A conclusão é de levantamento da Procuradoria Regional da República (PPR) 1ª Região, que começou a acionar, criminalmente, prefeitos em 14 estados por crimes ambientais em conseqüência de depósito de resíduos e lixões irregulares.
Até o momento, 28 municípios e o Distrito Federal estão na mira da Polícia Federal, 24 deles por solos potencialmente contaminados. Nestes locais, a população está sob risco de exposição. Cerca de 161 unidades de conservação federais e nove regiões hidrográficas, com inúmeros rios federais, estão na área sob risco.
Em atividade há 30 anos, o lixão da Estrutural, no Distrito Federal, está entre as áreas denunciadas. "A sobrevida do lixão superou a capacidade prevista para o fim do ano passado", confirma o superintendente do Instituto Brasileiro do Meio Ambiente e Recursos Naturais Renováveis (Ibama) no DF, Francisco Palhares. De acordo com Palhares, o lixão da Estrutural compromete os recursos hídricos no DF e a saúde dos catadores que trabalham no local, além de afetar a fauna e a flora do Parque Nacional de Brasília.

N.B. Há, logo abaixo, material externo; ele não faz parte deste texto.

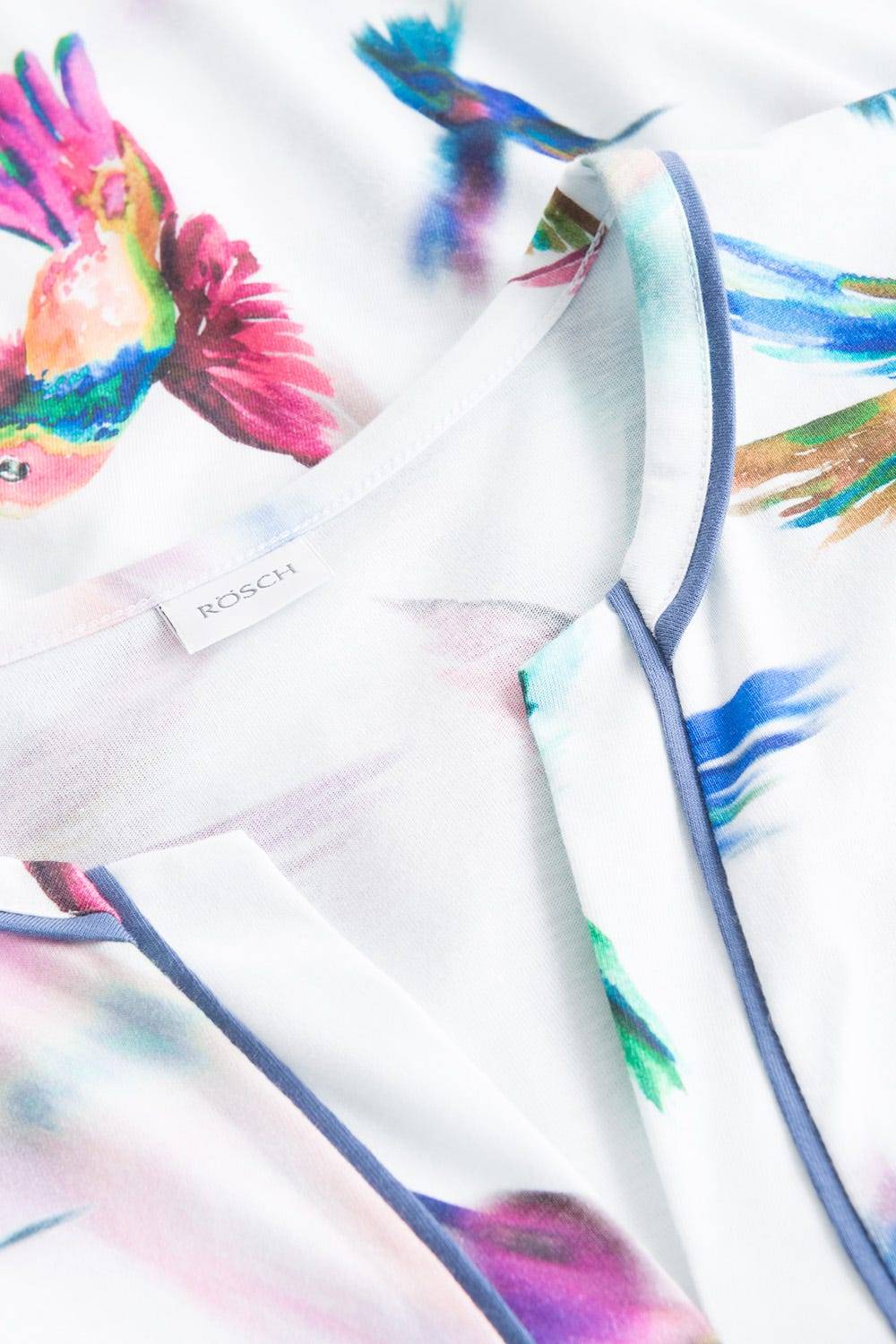 Rösch Pyjama im Vogel-Druck Kimono Paspeln Halbarm 100% Baumwolle 50% Rabatt für begrenzte Zeit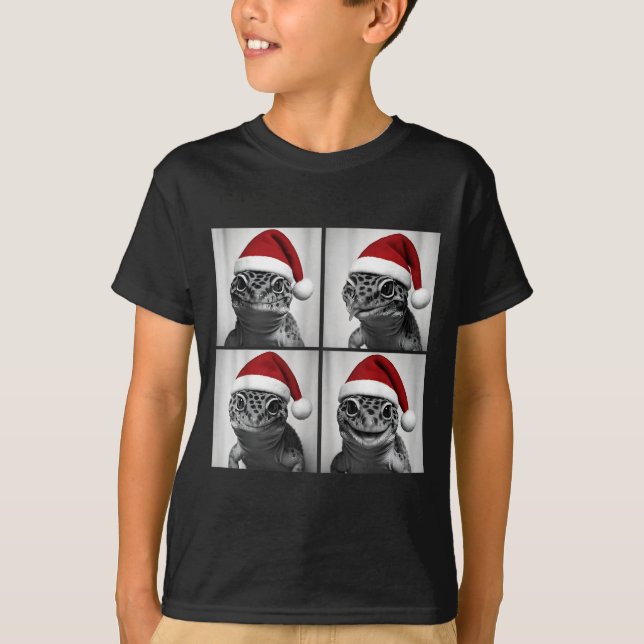 Camiseta Funny Christmas Leopard Gecko Santa Photo Booth  (Anverso)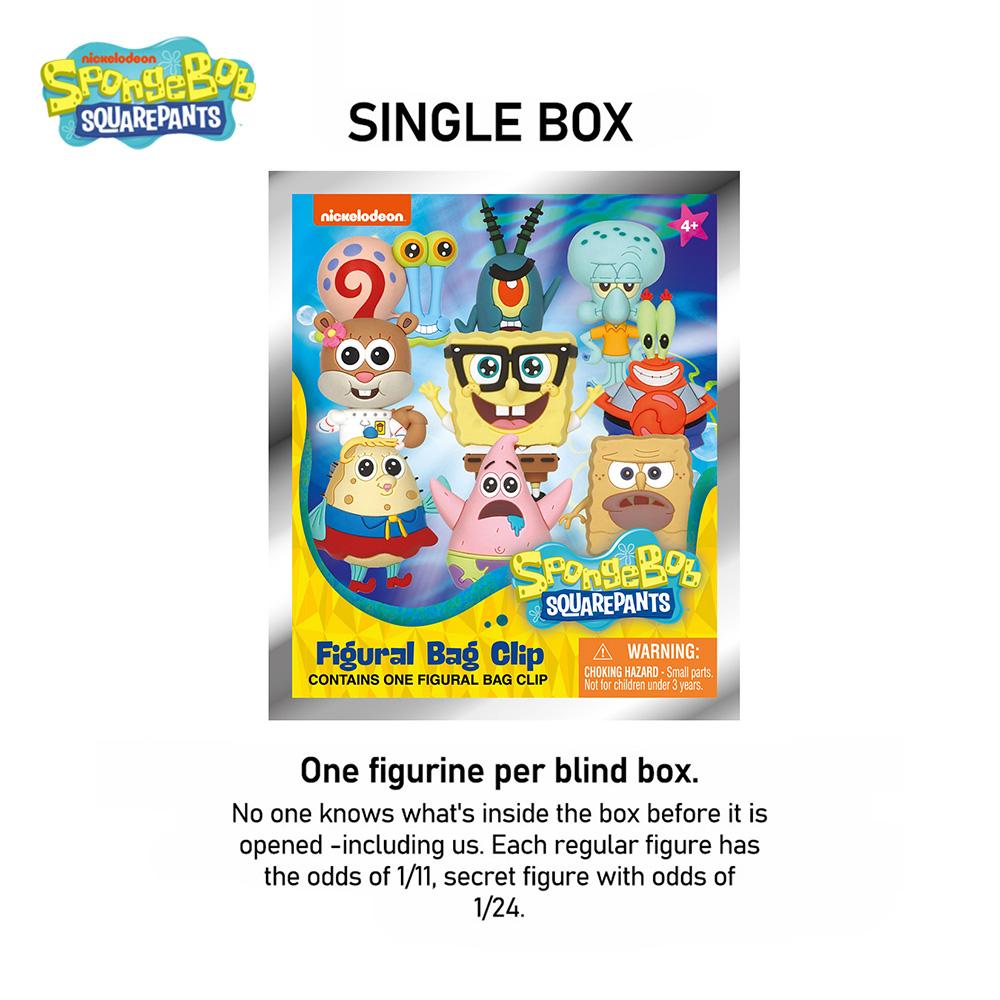 1PC Officially licensed SpongeBob SquarePants 3D animated blind box keychain featuring random characters like SpongeBob Patrick Star Squidward Tentacles Mr. Krabs and other friends from Bikini Bottom. Includes one adorable PVC collectible charm, Nickelode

O levantamento por amostragem nos 2.546 municípios dos estados do Acre, Amapá, Amazonas, Bahia, Goiás, Maranhão, Mato Grosso, Minas Gerais, Pará, Piauí, Rondônia, Roraima, Tocantins e no Distrito Federal trouxe dados preocupantes. O mapeamento das áreas poluídas por aterro foi feito a partir de dados fornecidos pela Fundação Nacional de Saúde (Funasa) e pela Agência Nacional de Vigilância Sanitária (Anvisa).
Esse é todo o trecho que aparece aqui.